Deux pèlerins de Compostelle "en route" vers Le Puy



    Si cette première description vous a alléché et si le cœur vous en dit, je vous propose maintenant de faire une petite visite ésotérique de la ville, suivez le guide, d’autres surprises vous attendent !

    En effet, depuis cette place, pour se rendre à la cathédrale il faut s’engager sur le cardo de la ville, à savoir la rue pavée de Chênebouterie, qui se prolonge par la rue Raphaël. Quelques dizaines de mètres après s’être engagé dans la rue Raphaël, une ruelle étroite et humide au caractère médiéval attire l’attention sur la gauche. C’est la rue de Chamerlenc, l’une des plus anciennes de la ville, célèbre pour sa confrérie des « Cornards », dont le siège se trouve au mitan de la ruelle. On ne peut pas rater «  la maison des Cornards », comme l’on dit au Puy, car sa façade est ornée de deux mascarons qui dateraient du XVIème siècle. Il s’agit de deux têtes cornues grimaçantes, surmontées chacune d’une inscription : « Ah, que les cornes vont bien sur un front comme le mien » et « vois le cornard rian ». Au-delà de l’allusion directe aux « cocus », il faut préciser que l’une des deux têtes représente celle d’un homme ornée d’une épaisse moustache et le front arborant deux cornes de bouc, décorées de fruits et de fleurs (des roses !), ressemblant à des cornes d’abondance. On peut voir dans cette représentation, le dieu gaulois Cernunnos, le pourvoyeur de vie et de richesse.
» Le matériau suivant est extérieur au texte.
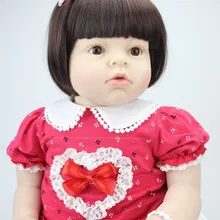 Реалистичная кукла-реборн младенец игрушка Мягкий силиконовый винил Настоящее нежное прикосновение 28 дюймов короткий кукольный парик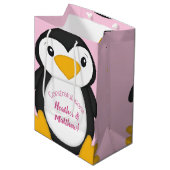 Penguin Baby shower Roze Medium Cadeauzakje (Voorkant Gekanteld)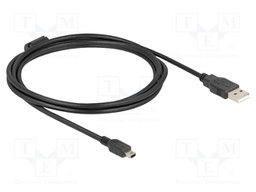 Cable; USB 2.0; USB A plug,USB B mini plug; 2m; black; 480Mbps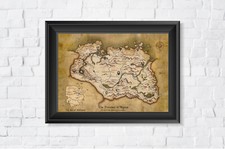 Skyrim Anniversary Map (The Elder Scrolls 5), High Quality, A1/A2/A3 Prints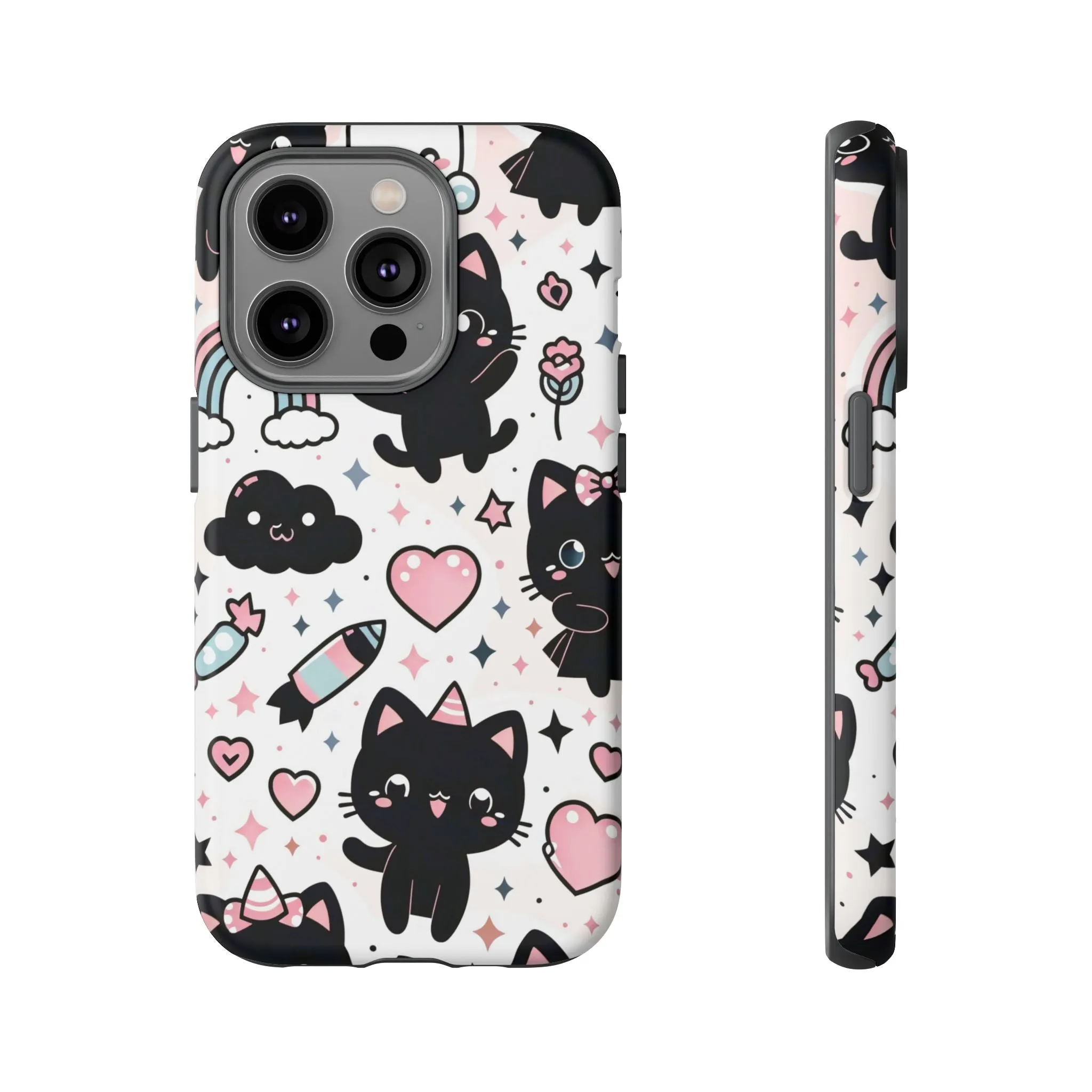 The Ultimate Kawaii Cell Phone Case: Spoil your phone with a pink background and black cats...because why not?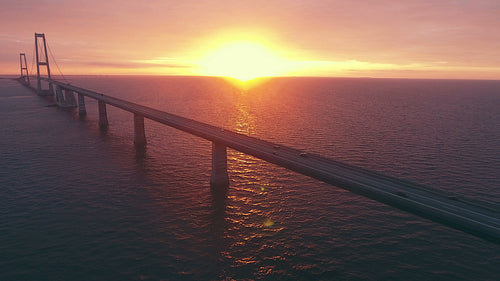 Aerial view of the Storebaelt bridge in Denmark.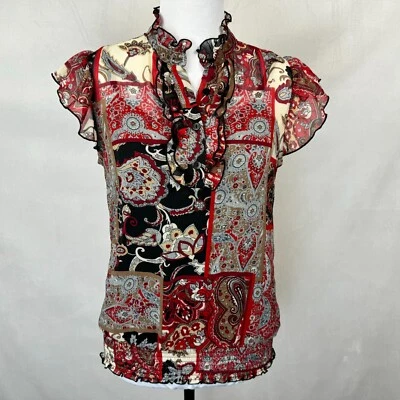 Iz Byer Blouse Sz M Black Multicolor Split Buttoned Neck Short Sleeve with Cami - Image 1 of 4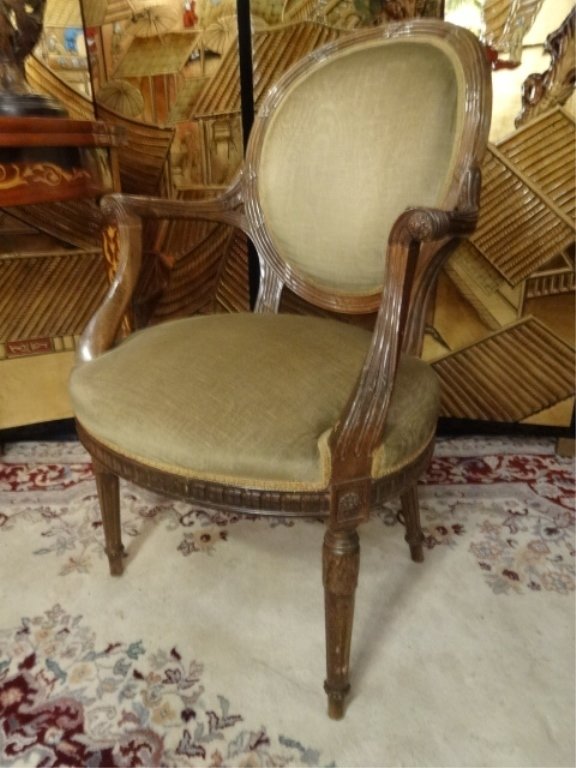LOUIS XVI STYLE OVAL BACK FAUTEUIL ARMCHAIR, CARVED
    L’autre tête présente l’aspect d’un masque de feuilles et ressemble étrangement à celle qui se trouve sur le portail occidental de la cathédrale Saint-Jean de Lyon. On peut y voir l’incarnation des esprits de la végétation qui se manifestent au printemps. Beaucoup d’inconnues subsistent sur cette fameuse confrérie des Cornards : simple association des maris trompés, association bacchique ou encore association des « conards » (initiés qui possèdent la Connaissance). A chacun de s’en faire sa propre idée.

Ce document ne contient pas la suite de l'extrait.